DIRECTIONS FOR THIS TASK:
Write out the material below again, line for line, without any images.

DATASET ENTRIES:
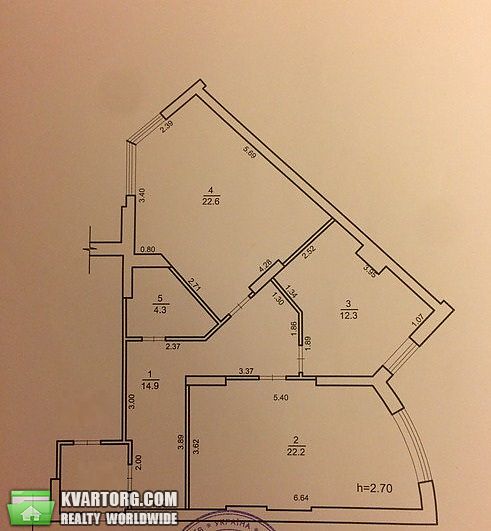 Sell 2-room apartment. Киев,  Коломиевский пер — photo 10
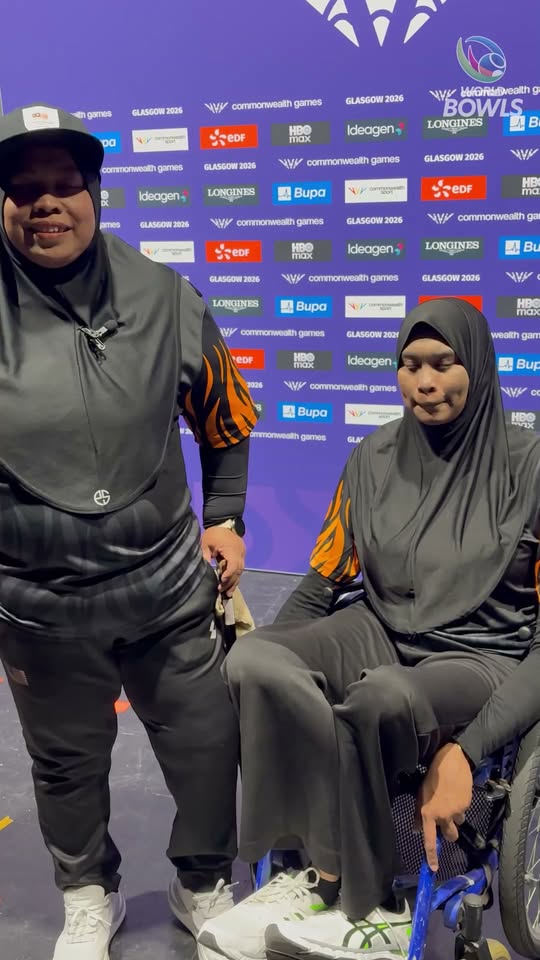 Hear From Malaysia’s Para Women’s Pairs B6–b8 Skip, Jariah Zakaria, As She Share...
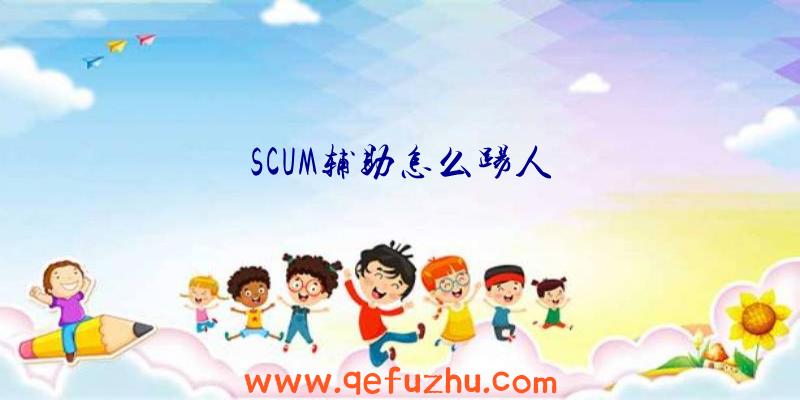 SCUM辅助怎么踢人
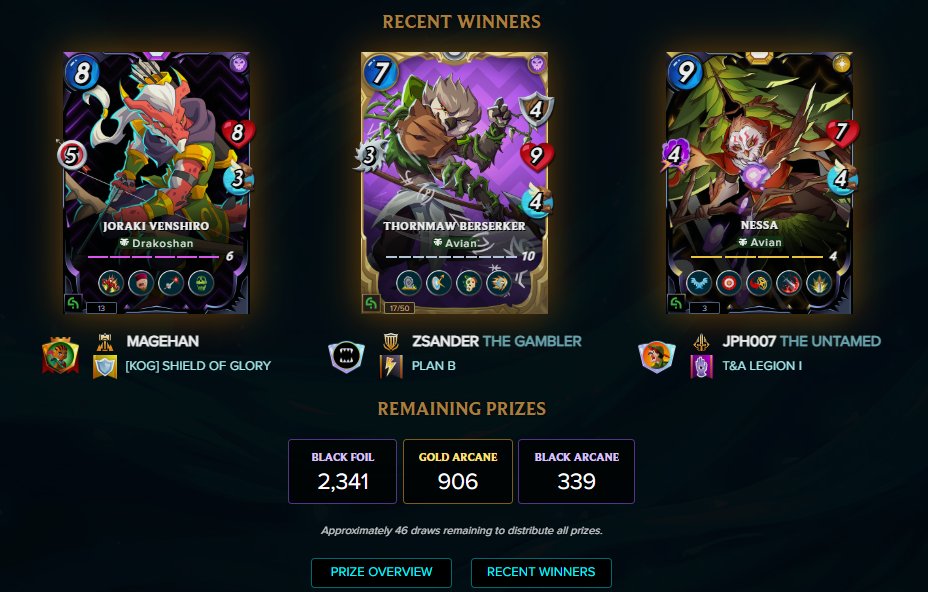 Splinterlands tweet media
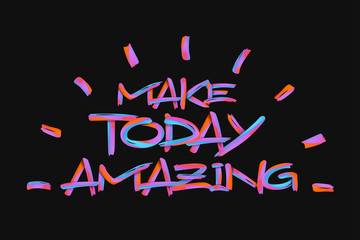 Lettering composition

RESPONSE BOX:
 Sell 2-room apartment. Киев,  Коломиевский пер — photo 10
 Hear From Malaysia’s Para Women’s Pairs B6–b8 Skip, Jariah Zakaria, As She Share...
 SCUM辅助怎么踢人
 Splinterlands tweet media
 Lettering composition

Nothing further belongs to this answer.